WORK TO BE COMPLETED: Go to the line below that contains "Renault Master 3". From there to the end of the records, reproduce each line exactly, except the pictures.

(Image-text web data)
= Beginning of Section =
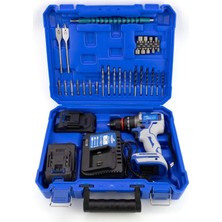 Branzeg 10MM Kömürsüz Vidalama Matkap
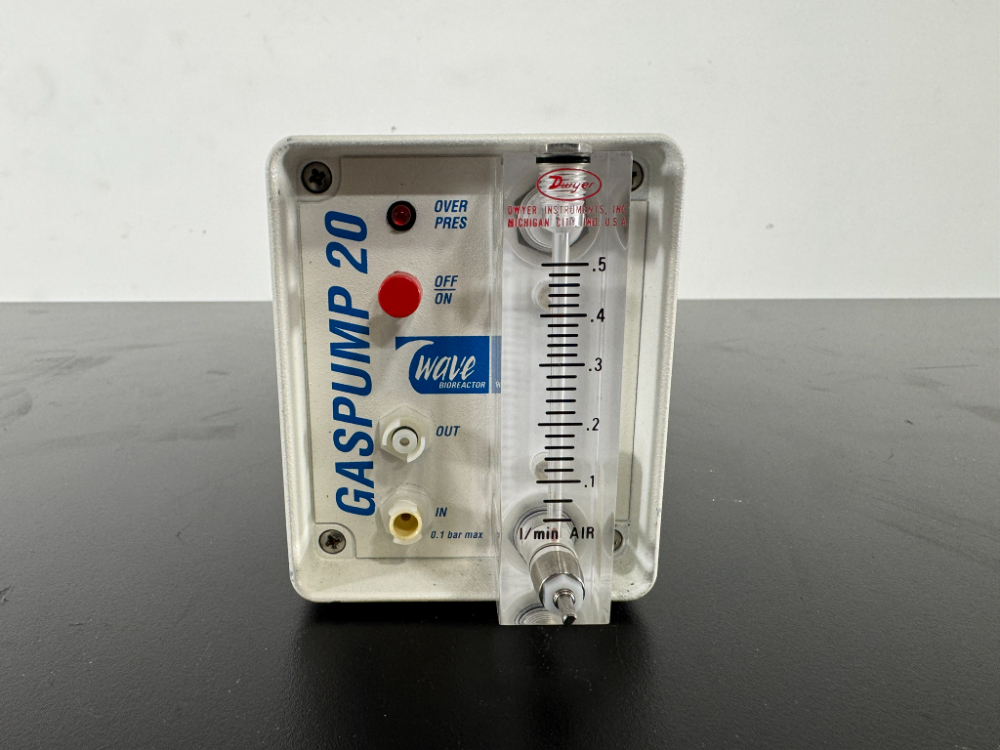 Image of Wave Biotech Gas Pump 20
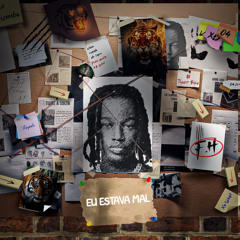 Fábio Hustle & Gerilson Insrael - Estava Mal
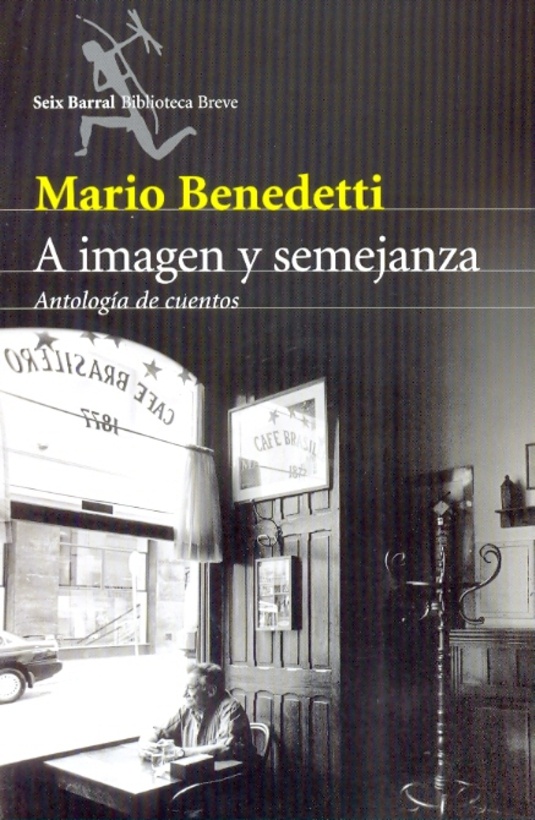 A IMAGEN Y SEMEJANZA. ANTOLOGÍA DE CUENTOS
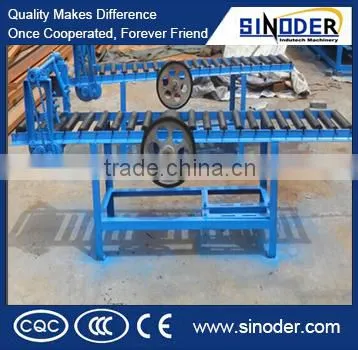 Manual Clay Brick Making Machine, Cutter and Extruder Together photo-3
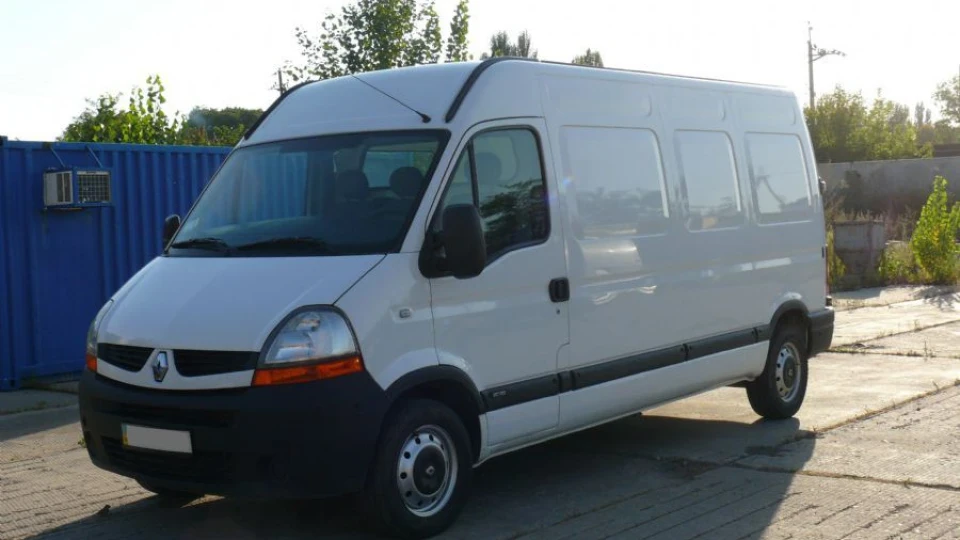 Renault Master 3
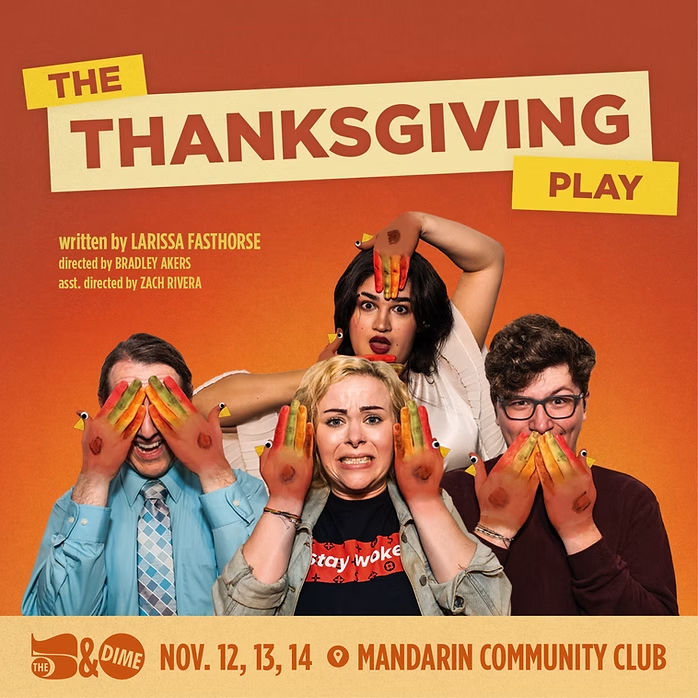 Thanksgiving Play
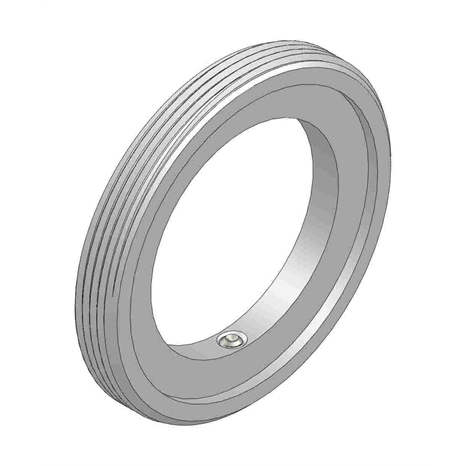 Nut - bearing adj incl r3245-42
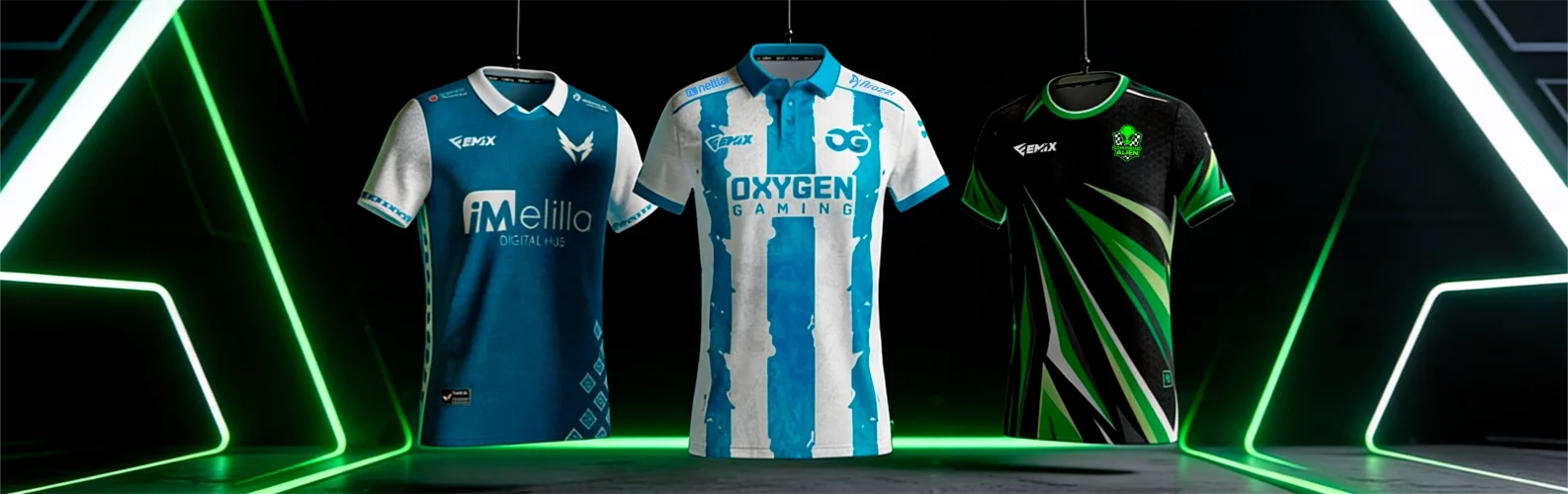 Tus prendas 100% personalizadas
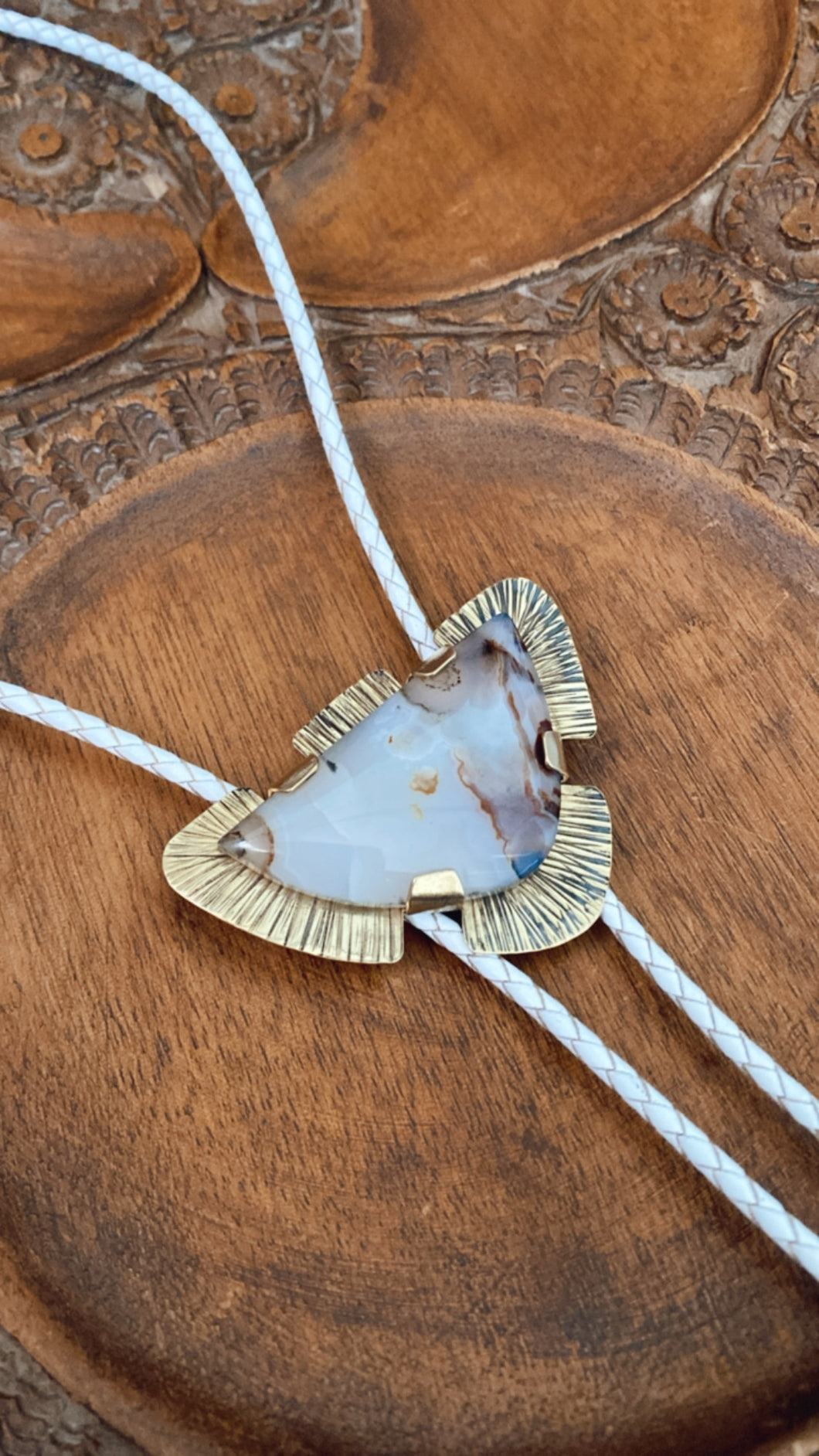 Agate Bolo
= End of Section =
RESPONSE TO THIS TASK:
 Renault Master 3
 Thanksgiving Play
 Nut - bearing adj incl r3245-42
 Tus prendas 100% personalizadas
 Agate Bolo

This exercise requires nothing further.